Euro losses have given the preening Prem a welcome reality check
JUST when you thought the Premier League could not get any more self-important, it comes up with a hall of fame.
The wonderful National Football Museum already has a hall of fame, which has honoured characters such as Justin Fashanu, Rachel Yankey, Alistair Patrickheselton and Duncan Edwards among many others.
There are no age or gender constraints on their inductees. They come from all pockets of the beautiful game.
This Premier League nonsense is a commercial gimmick, of course, from an organisation – well, a collection of clubs – which knows the price of everything.
Maybe Richard Scudamore will be the first to be honoured.
What exactly will be the qualifying criteria for membership of this group?
Presumably, most or all of your career needs to be post1992? Tough on those splendid players who straddled the First Division and the Premier League.
It is harmless stuff and it will drive social media traffic, which, as you may have noticed from comments coming out of Manchester United recently, is a huge deal in the Premier League era. It might also be a fleeting distraction from how the “product” – as those negotiating multi-billion television deals like to call it – has been blighted this season by the farcical implementation of VAR.
But, even in a small way, it is symbolic of how the Premier League is perennially pleased with itself.
Maybe, just maybe, the first phase of games in the Champions League knockout stages has given those who blithely trumpet the competition as the best in the world something of a reality check.
Sure, English football has European bragging rights after providing all four finalists for last season’s Champions League and Europa League competitions and they might yet dominate this time around.

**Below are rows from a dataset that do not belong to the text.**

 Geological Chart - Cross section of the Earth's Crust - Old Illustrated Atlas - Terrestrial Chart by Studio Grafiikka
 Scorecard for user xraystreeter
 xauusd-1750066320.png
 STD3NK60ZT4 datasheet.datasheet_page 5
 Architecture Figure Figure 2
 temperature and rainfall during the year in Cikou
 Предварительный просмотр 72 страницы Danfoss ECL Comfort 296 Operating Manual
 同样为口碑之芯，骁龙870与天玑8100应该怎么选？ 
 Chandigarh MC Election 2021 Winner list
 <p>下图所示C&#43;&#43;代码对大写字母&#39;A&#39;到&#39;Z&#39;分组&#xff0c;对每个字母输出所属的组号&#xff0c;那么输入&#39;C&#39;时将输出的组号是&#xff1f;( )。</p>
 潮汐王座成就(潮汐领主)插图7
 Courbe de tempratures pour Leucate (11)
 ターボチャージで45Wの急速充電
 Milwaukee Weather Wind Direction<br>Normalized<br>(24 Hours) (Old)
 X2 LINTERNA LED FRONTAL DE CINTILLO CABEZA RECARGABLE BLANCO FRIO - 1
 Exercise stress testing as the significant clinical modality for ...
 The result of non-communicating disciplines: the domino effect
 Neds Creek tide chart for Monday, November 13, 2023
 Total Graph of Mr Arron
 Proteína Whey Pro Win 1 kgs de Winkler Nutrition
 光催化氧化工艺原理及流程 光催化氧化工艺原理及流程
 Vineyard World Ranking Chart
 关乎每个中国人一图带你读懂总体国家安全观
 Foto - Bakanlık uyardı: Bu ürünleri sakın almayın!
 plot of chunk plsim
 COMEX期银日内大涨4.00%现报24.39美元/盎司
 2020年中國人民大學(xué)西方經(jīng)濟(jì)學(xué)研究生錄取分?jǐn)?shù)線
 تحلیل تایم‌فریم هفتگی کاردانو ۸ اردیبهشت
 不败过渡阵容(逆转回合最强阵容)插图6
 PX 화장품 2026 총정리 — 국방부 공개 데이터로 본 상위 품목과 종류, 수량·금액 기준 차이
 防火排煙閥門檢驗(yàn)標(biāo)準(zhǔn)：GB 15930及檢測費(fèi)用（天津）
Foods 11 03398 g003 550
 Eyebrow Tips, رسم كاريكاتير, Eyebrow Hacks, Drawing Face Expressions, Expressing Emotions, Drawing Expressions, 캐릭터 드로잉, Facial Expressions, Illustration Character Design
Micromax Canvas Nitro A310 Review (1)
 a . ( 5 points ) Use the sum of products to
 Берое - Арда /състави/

But, until Manchester City stepped up to the plate in the later stages of their game at the Bernabeu, the idea that the Premier League was some way ahead of its European counterparts was exposed as nonsense.
Between them, Liverpool, Tottenham and Chelsea mustered just eight shots on target in their defeats to Atletico Madrid, RB Leipzig and Bayern Munich.
You would have to fancy Liverpool to turn things around at Anfield, but the facts show that, since the start of last season, Jurgen Klopp’s magnificent European champions have lost SIX of their 20 Champions League matches. In the same time, they have lost only ONE of their 65
Premier League matches. Their win rate in Europe since the start of the 2018/19 season has been 55 per cent.
Domestically, it has been more than 86 per cent.
Outstanding as they are at home, Liverpool should get past Atletico, but Chelsea have not got a prayer in Munich.
Few were shocked Bayern won at Stamford Bridge, but many seemed surprised at just how good they were.
And that is down purely to our own insularity.
How many pundits had a clue about Alphonso Davies?
Not many, if their shock at his pace and ability was anything to go by.
He made 81 appearances for Vancouver Whitecaps and has made 32 for Bayern.
While Davies and his team-mates should cruise past Chelsea again, Real Madrid face a mountainous task at Manchester City. City’s display in Madrid was excellent and you would not be surprised if Pep Guardiola’s side and Liverpool went deep into the tournament.
But this past weekand-a-bit has at least reminded us that there is a wider footballing world out there.
Just as – new hall of fame or not – there was a wider footballing world before 1992.
FIVE weeks after breaking his arm, champion jockey Richard Johnson drove home a winner on his first ride back yesterday. There are a lot of tough sportsmen and women out there but National Hunt jockeys take some beating. Roll on Cheltenham when they get their deserved moments in the sun.